### WHAT IS BEING ASKED:
Among the entries below, copy only the span from the line containing "NEW DOG FASHION" through the line containing "view of water and the amusement park". Do so exactly, and skip the pictures.

### PROVIDED RECORDS:

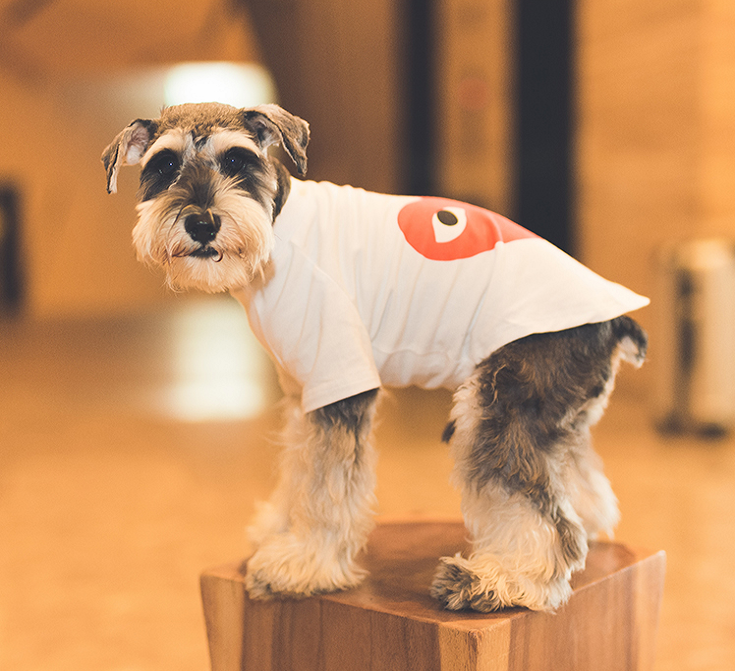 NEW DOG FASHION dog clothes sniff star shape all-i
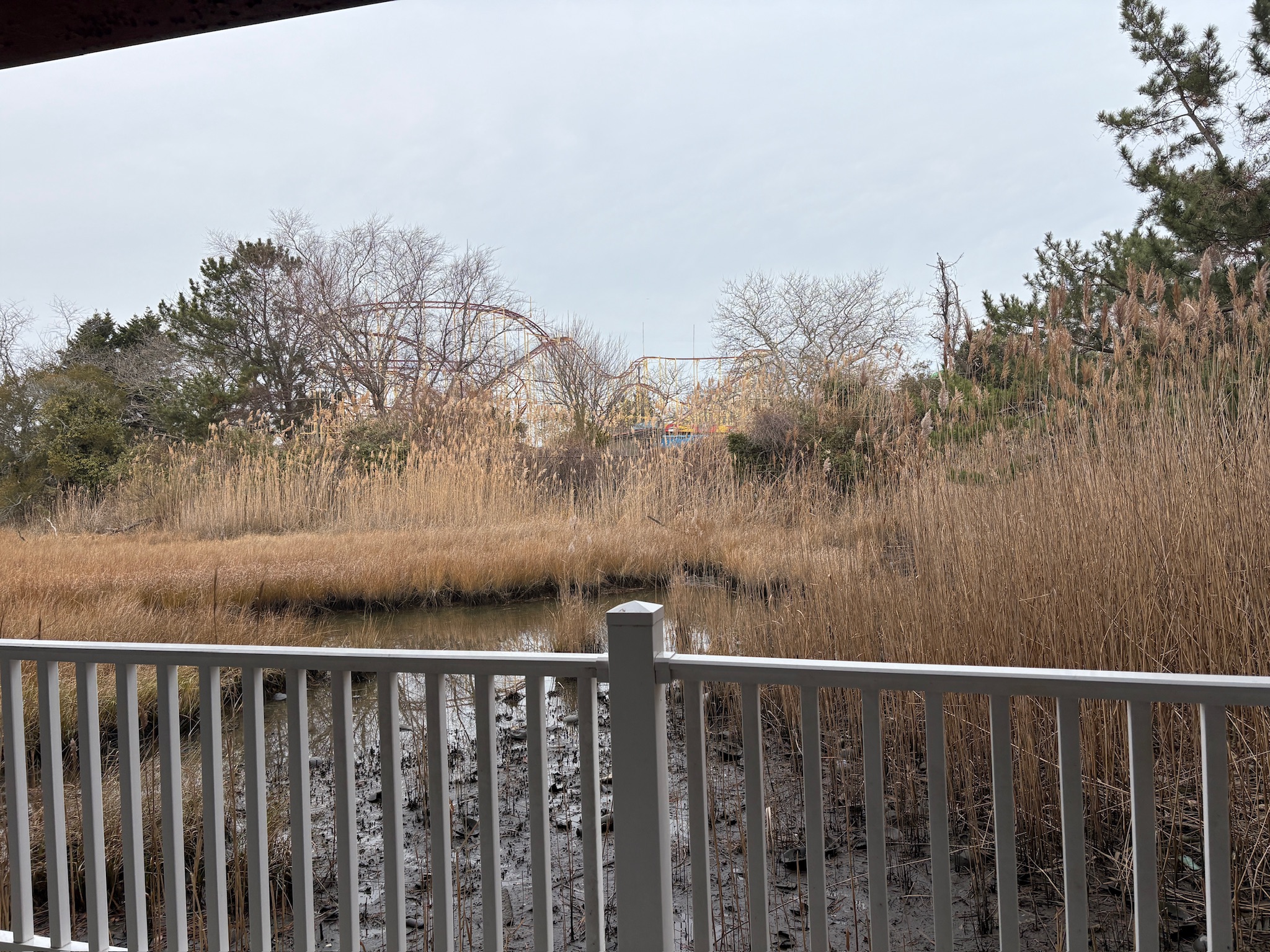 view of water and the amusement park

--

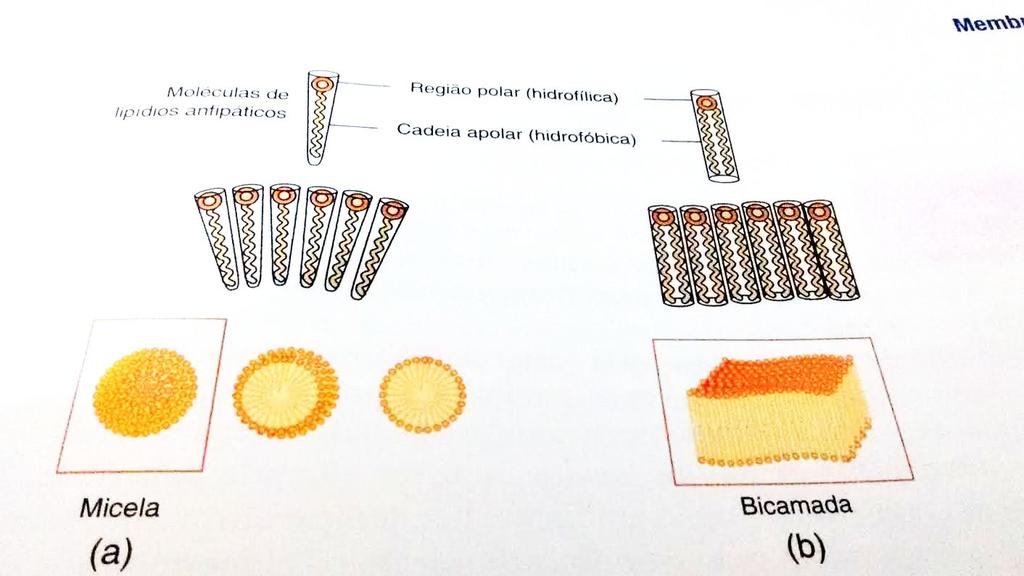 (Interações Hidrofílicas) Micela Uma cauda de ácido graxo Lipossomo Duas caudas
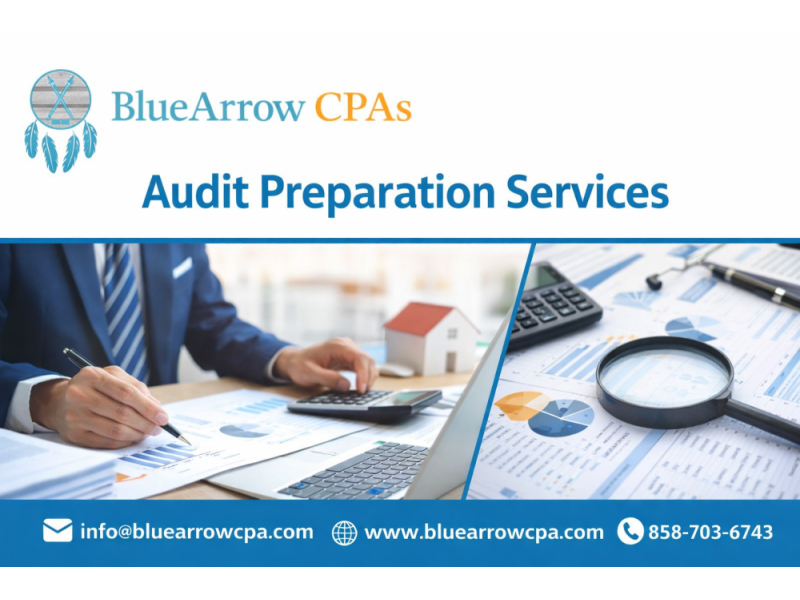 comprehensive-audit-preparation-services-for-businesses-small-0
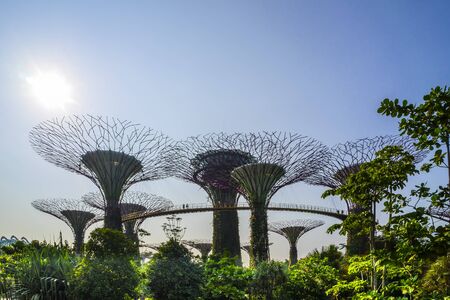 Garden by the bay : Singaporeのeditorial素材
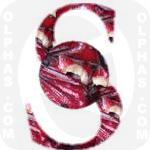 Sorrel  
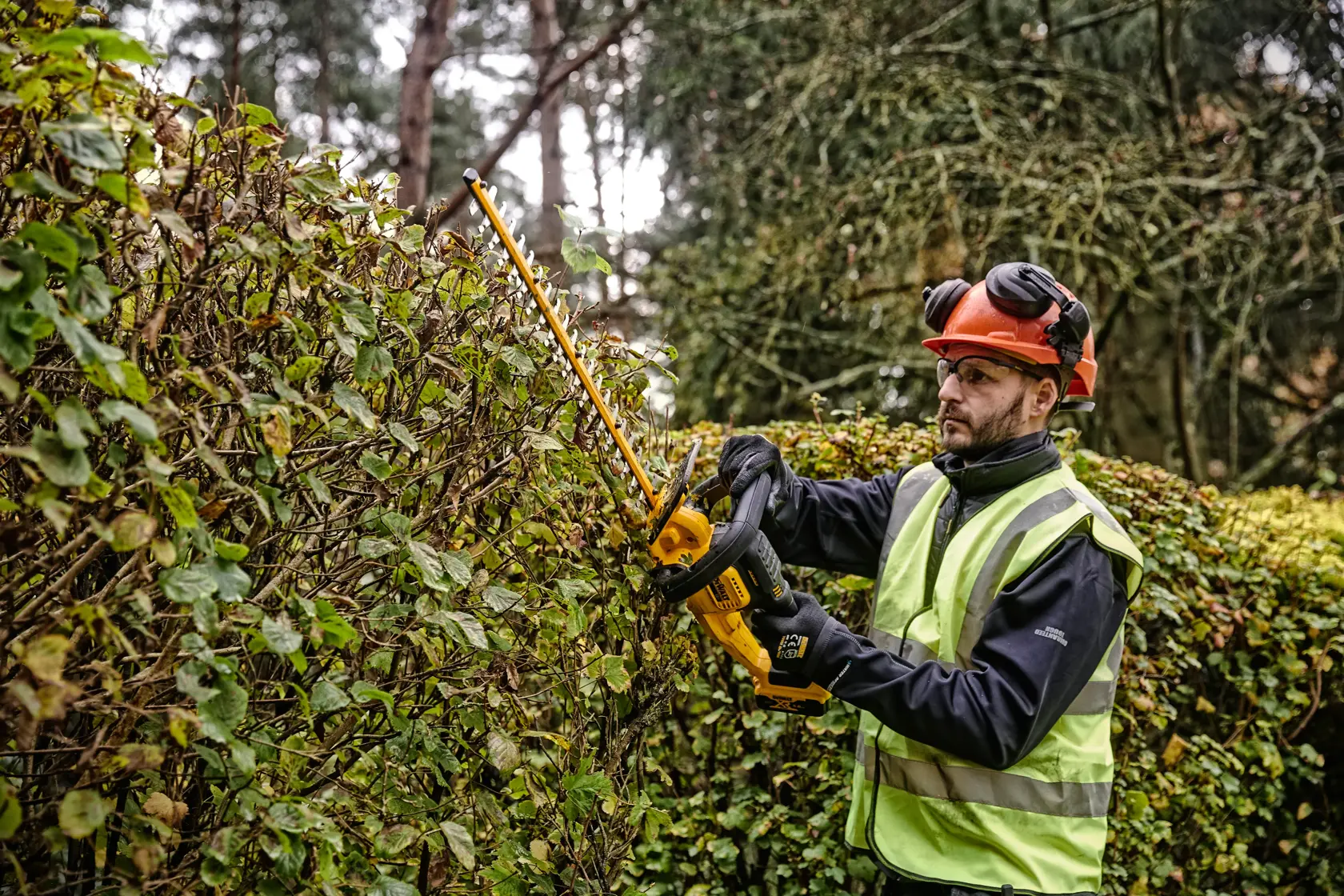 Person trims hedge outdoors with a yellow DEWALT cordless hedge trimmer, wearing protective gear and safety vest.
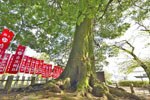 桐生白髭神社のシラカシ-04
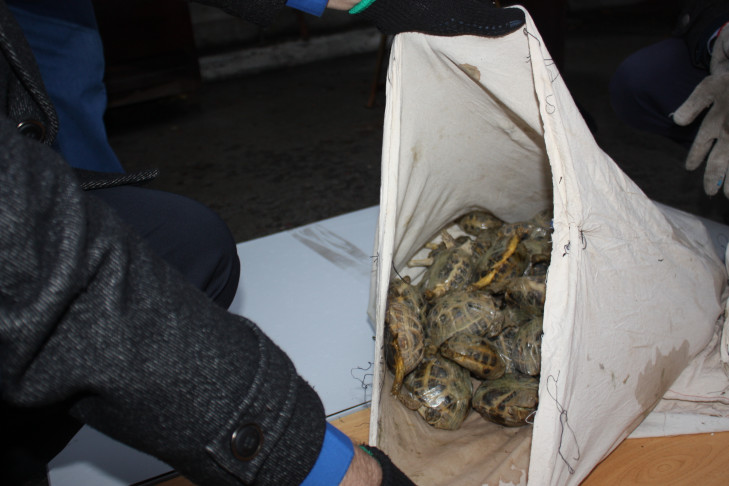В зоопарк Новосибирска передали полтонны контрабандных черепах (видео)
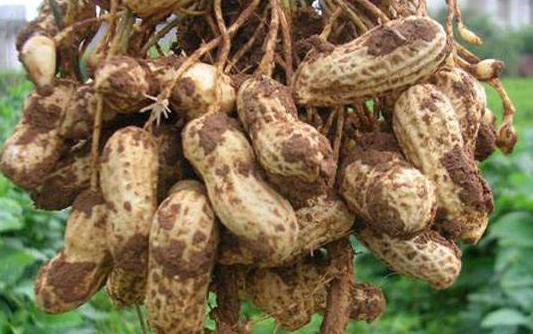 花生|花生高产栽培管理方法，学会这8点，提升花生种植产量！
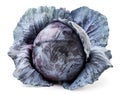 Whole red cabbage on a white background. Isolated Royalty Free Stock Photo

### PROBLEM SOLUTION:
 NEW DOG FASHION dog clothes sniff star shape all-i
 view of water and the amusement park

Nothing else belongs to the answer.